Pour certains, c’est une libéralisation à combattre, car elle amène une forme de privatisation du système. Pour d’autres, c’est une solution : développer les retraites par capitalisation. « Il ne faut rien s’interdire » selon le sénateur Modem. « Les systèmes visités combinent de façon équilibrée une gestion en répartition pour leur régime de base et en capitalisation pour leurs régimes complémentaires » peut-on lire dans la communication des deux sénateurs.

« Je ne pense pas que ce soit l’orientation que souhaitent les Français » reconnaît Jean-Marie Vanlerenberghe. Il imaginerait plutôt une dose de capitalisation pour les plus hauts revenus. « Ce qui est plus important, c’est de savoir quelle sera la part des complémentaires. La part des revenus qui, en dehors du régime général, pourront être placés par un système d’assurance, de prévoyance ou de capitalisation » explique-t-il. Un « plafond » serait ainsi à définir « pour les salariés les plus aisés ».

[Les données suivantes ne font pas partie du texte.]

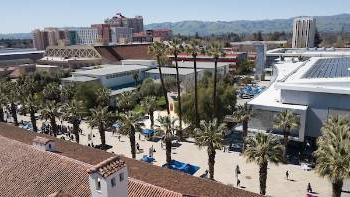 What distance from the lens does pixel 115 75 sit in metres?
93.8

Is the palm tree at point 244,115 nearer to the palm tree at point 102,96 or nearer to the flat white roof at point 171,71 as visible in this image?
the palm tree at point 102,96

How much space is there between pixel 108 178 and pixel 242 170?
2895 cm

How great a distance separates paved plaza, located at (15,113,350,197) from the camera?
131ft

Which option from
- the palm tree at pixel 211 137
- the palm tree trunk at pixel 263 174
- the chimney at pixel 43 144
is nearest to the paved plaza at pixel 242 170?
the palm tree trunk at pixel 263 174

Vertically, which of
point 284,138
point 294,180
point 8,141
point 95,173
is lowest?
point 294,180

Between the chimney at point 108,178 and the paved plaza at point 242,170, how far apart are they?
2358 centimetres

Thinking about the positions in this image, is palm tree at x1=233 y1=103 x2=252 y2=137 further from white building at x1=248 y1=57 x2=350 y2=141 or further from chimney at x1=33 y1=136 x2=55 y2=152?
chimney at x1=33 y1=136 x2=55 y2=152

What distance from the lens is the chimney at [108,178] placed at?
19.0 metres

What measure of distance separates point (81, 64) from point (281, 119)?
94.5m

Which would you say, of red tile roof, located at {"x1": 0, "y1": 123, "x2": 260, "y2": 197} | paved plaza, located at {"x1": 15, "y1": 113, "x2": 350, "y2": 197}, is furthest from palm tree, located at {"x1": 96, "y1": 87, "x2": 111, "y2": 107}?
red tile roof, located at {"x1": 0, "y1": 123, "x2": 260, "y2": 197}

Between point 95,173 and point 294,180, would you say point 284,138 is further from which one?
point 95,173

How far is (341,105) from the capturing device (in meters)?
48.3

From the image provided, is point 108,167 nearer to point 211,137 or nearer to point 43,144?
point 43,144

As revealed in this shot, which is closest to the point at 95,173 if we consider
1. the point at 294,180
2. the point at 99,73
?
the point at 294,180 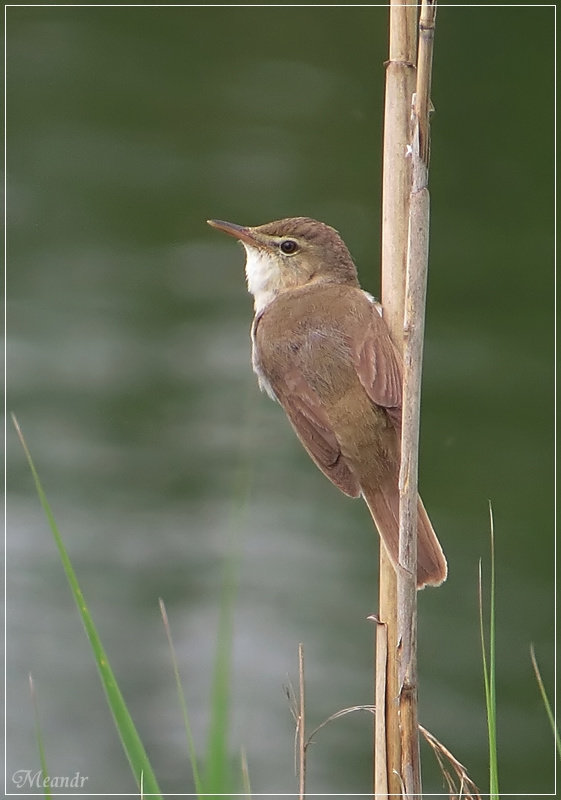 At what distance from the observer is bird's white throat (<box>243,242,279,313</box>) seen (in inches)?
139

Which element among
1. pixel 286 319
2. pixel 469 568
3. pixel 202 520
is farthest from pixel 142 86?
pixel 286 319

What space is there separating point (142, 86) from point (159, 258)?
1610mm

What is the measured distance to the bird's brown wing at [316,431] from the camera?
3070mm

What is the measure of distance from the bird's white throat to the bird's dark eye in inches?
1.5

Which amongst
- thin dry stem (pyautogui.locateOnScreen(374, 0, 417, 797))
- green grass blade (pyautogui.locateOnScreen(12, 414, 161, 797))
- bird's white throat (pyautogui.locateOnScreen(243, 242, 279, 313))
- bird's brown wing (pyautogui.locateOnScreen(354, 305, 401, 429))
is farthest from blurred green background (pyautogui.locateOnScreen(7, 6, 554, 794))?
green grass blade (pyautogui.locateOnScreen(12, 414, 161, 797))

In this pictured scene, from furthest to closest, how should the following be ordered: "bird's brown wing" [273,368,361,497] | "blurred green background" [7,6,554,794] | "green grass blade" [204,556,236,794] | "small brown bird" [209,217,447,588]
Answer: "blurred green background" [7,6,554,794] < "bird's brown wing" [273,368,361,497] < "small brown bird" [209,217,447,588] < "green grass blade" [204,556,236,794]

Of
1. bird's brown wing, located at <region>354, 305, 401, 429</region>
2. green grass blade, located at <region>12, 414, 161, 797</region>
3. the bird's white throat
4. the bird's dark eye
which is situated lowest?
green grass blade, located at <region>12, 414, 161, 797</region>

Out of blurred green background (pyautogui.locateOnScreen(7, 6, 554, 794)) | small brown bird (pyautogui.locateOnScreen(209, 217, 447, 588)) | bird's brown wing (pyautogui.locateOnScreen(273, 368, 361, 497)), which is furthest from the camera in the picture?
blurred green background (pyautogui.locateOnScreen(7, 6, 554, 794))

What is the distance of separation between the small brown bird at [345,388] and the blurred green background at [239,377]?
1.83 m

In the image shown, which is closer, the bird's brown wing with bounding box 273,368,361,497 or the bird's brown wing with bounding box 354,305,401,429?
the bird's brown wing with bounding box 354,305,401,429

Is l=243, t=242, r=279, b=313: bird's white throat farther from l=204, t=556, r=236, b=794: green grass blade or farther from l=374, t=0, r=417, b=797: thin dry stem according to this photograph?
l=204, t=556, r=236, b=794: green grass blade

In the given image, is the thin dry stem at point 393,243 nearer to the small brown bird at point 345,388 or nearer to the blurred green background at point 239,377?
the small brown bird at point 345,388

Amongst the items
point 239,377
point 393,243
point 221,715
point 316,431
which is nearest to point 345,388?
point 316,431

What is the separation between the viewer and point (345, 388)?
122 inches
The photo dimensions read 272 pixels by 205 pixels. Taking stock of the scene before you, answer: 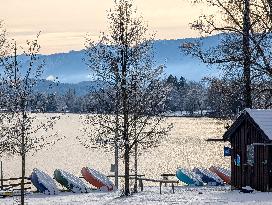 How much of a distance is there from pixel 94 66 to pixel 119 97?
2.02 meters

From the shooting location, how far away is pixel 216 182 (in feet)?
144

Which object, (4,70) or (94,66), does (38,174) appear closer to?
(94,66)

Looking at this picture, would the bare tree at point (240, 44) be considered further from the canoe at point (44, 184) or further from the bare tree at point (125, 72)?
the canoe at point (44, 184)

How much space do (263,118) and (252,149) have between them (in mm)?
1794

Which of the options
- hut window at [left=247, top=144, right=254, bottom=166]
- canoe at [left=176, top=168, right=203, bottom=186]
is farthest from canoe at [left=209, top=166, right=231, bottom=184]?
hut window at [left=247, top=144, right=254, bottom=166]

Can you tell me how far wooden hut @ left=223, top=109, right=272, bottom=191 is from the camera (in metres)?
26.6

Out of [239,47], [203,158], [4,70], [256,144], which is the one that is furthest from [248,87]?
[203,158]

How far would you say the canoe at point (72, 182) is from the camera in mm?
38844

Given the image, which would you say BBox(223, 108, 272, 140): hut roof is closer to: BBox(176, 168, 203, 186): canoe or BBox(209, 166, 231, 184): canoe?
BBox(176, 168, 203, 186): canoe

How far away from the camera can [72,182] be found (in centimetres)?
3975

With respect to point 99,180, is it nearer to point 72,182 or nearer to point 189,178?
point 72,182

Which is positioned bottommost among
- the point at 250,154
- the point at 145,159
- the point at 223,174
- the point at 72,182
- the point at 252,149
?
the point at 145,159

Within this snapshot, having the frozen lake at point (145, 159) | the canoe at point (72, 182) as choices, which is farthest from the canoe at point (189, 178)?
the frozen lake at point (145, 159)

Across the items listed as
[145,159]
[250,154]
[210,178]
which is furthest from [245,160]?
[145,159]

Un système d’alerte pour prendre des décisions : baisse des retraites, hausse des cotisations ou impôt

Autre préconisation des sénateurs : élaborer un système d’alerte. En cas de « déséquilibre » entre le nombre de retraités, le nombre de cotisants ou l’augmentation de l’espérance de vie, un « système d’alerte » à destination des responsables politiques leur permettant de « prendre les mesures qui s’imposent ». « Nous avons ce dispositif au travers du Conseil d'orientation des retraites » estime-t-il. En cas d’alerte, les politiques devraient prendre « des dispositions soit durables, en augmentant les cotisations ou en baissant les retraites, soit par l’impôt, en compensant les caisses de retraites ». Bon courage au responsable qui décidera de baisser le niveau des retraites.